You must have Beautiful Soup already installed:

pip install beautifulsoup4

In most cases, assuming you've installed version 4.7.0, that should be all you need to do, but if you've installed via some alternative method, and Soup Sieve is not automatically installed for your, you can install it directly:

pip install soupsieve

If you want to manually install it from source, navigate to the root of the project and run

python setup.py build
python setup.py install

Usage

To use Soup Sieve, you must create a BeautifulSoup object:

>>> import bs4

>>> text = """
... <div>
... <!-- These are animals -->
... <p class="a">Cat</p>
... <p class="b">Dog</p>
... <p class="c">Mouse</p>
... </div>
... """
>>> soup = bs4.BeautifulSoup(text, 'html5lib')

For most people, using the Beautiful Soup 4.7.0+ API may be more than sufficient. Beautiful Soup offers two methods that employ Soup Sieve: select and select_one. Beautiful Soup's select API is identical to Soup Sieve's, except that you don't have to hand it the tag object, the calling object passes itself to Soup Sieve:

>>> soup = bs4.BeautifulSoup(text, 'html5lib')
>>> soup.select_one('p:is(.a, .b, .c)')
<p class="a">Cat</p>
>>> soup = bs4.BeautifulSoup(text, 'html5lib')
>>> soup.select('p:is(.a, .b, .c)')
[<p class="a">Cat</p>, <p class="b">Dog</p>, <p class="c">Mouse</p>]

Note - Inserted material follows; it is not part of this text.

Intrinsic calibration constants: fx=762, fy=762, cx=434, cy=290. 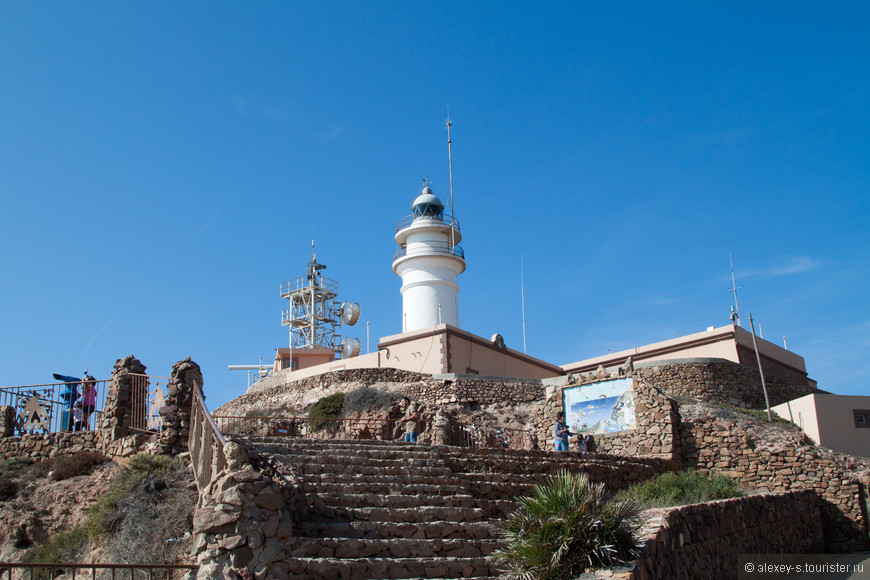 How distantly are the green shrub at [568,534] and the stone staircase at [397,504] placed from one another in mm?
689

You can also use the Soup Sieve API directly to get access to the full range of possibilities that Soup Sieve offers. You can select a single tag:

>>> import soupsieve as sv
>>> sv.select_one('p:is(.a, .b, .c)', soup)
<p class="a">Cat</p>

You can select all tags:

>>> import soupsieve as sv
>>> sv.select('p:is(.a, .b, .c)', soup)
[<p class="a">Cat</p>, <p class="b">Dog</p>, <p class="c">Mouse</p>]

You can select the closest ancestor:

>>> import soupsieve as sv
>>> el = sv.select_one('.c', soup)
>>> sv.closest('div', el)
<div>
<!-- These are animals -->
<p class="a">Cat</p>
<p class="b">Dog</p>
<p class="c">Mouse</p>
</div>

You can filter a tag's Children (or an iterable of tags):

>>> sv.filter('p:not(.b)', soup.div)
[<p class="a">Cat</p>, <p class="c">Mouse</p>]

You can match a single tag:

>>> els = sv.select('p:is(.a, .b, .c)', soup)
>>> sv.match(els[0], 'p:not(.b)')
True
>>> sv.match(els[1], 'p:not(.b)')
False

Or even just extract comments:

>>> sv.comments(soup)
[' These are animals ']

Selectors do not have to be constrained to one line either. You can span selectors over multiple lines just like you would in a CSS file.

>>> selector = """
... .a,
... .b,
... .c
... """
>>> sv.select(selector, soup)
[<p class="a">Cat</p>, <p class="b">Dog</p>, <p class="c">Mouse</p>]

You can even use comments to annotate a particularly complex selector.

>>> selector = """
... /* This isn't complicated, but we're going to annotate it anyways.
...    This is the a class */
... .a,
... /* This is the b class */
... .b,
... /* This is the c class */
... .c
... """
>>> sv.select(selector, soup)
[<p class="a">Cat</p>, <p class="b">Dog</p>, <p class="c">Mouse</p>]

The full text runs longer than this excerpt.